WHAT YOU SHOULD DO: Take the lines in the listing below from the line with "High quality batteries" up to and including the line with "синяка и царапины!" and set them down exactly, skipping pictures and adding nothing.

DATASET ENTRIES:
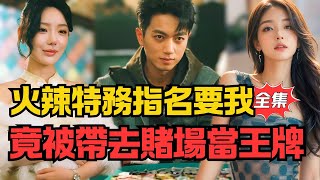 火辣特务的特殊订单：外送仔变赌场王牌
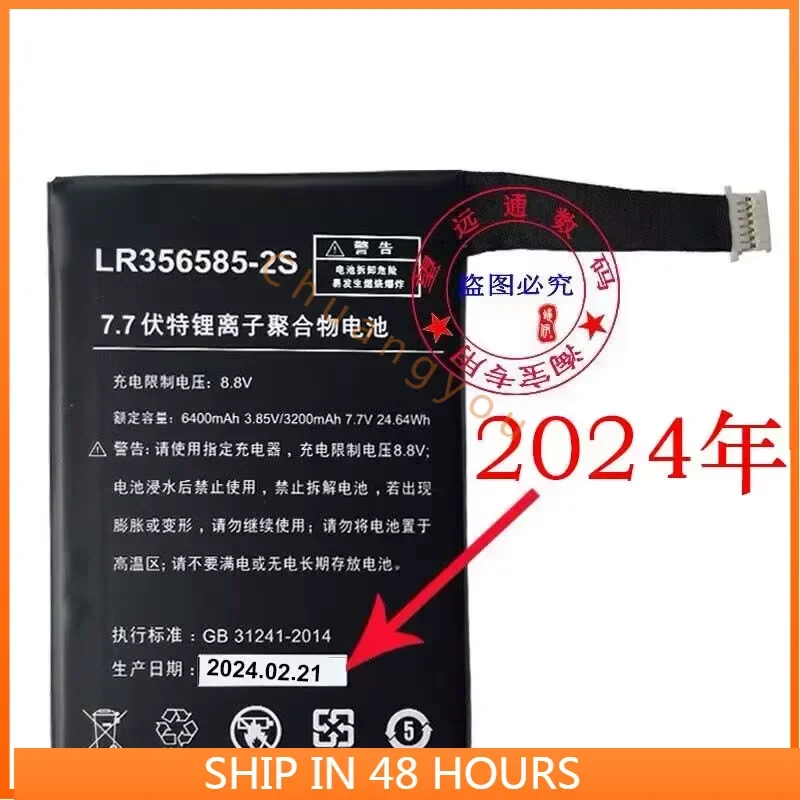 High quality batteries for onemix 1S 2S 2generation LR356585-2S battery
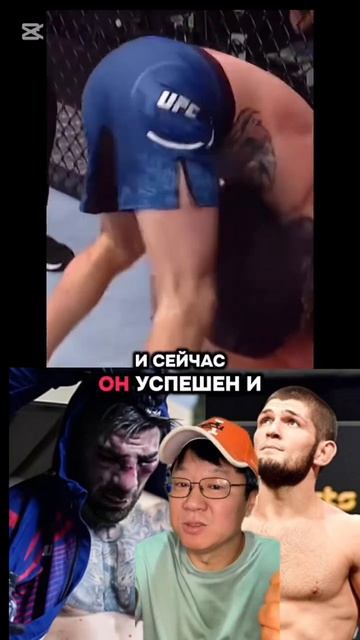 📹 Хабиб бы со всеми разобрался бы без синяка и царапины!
---
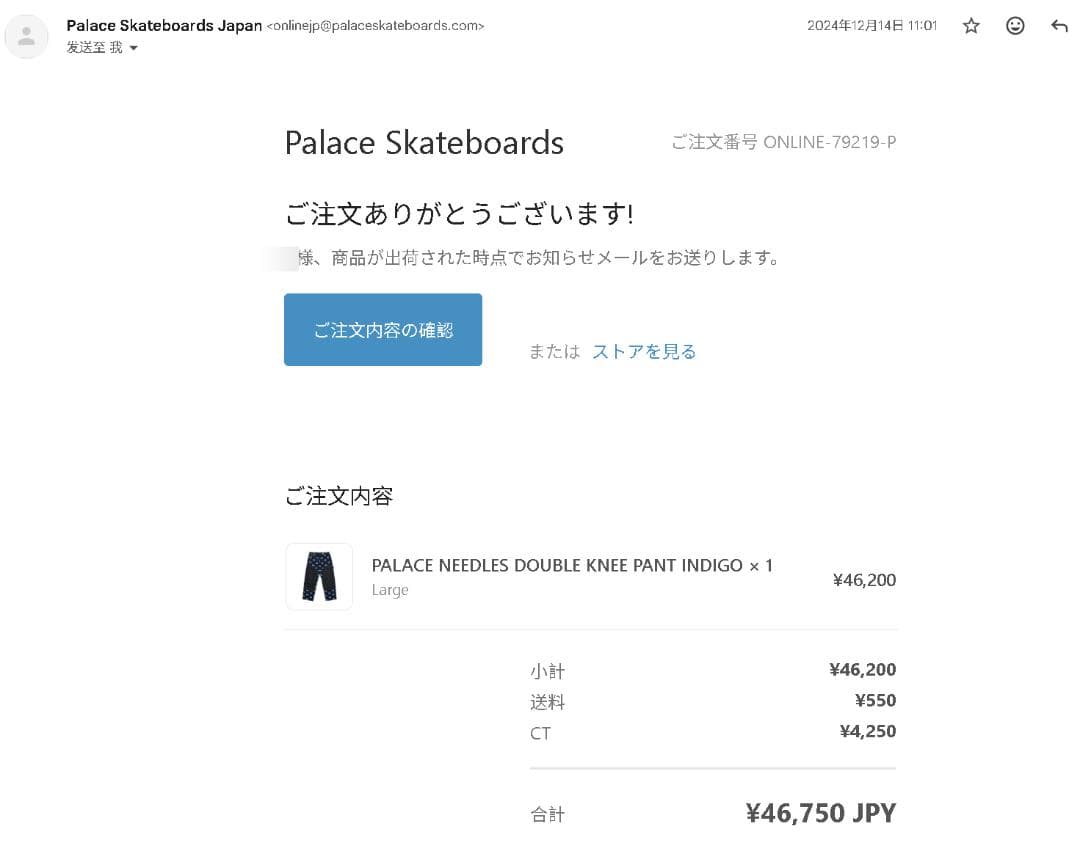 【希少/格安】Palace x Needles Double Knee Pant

SOLUTION TO THE EXERCISE:
 High quality batteries for onemix 1S 2S 2generation LR356585-2S battery
 📹 Хабиб бы со всеми разобрался бы без синяка и царапины!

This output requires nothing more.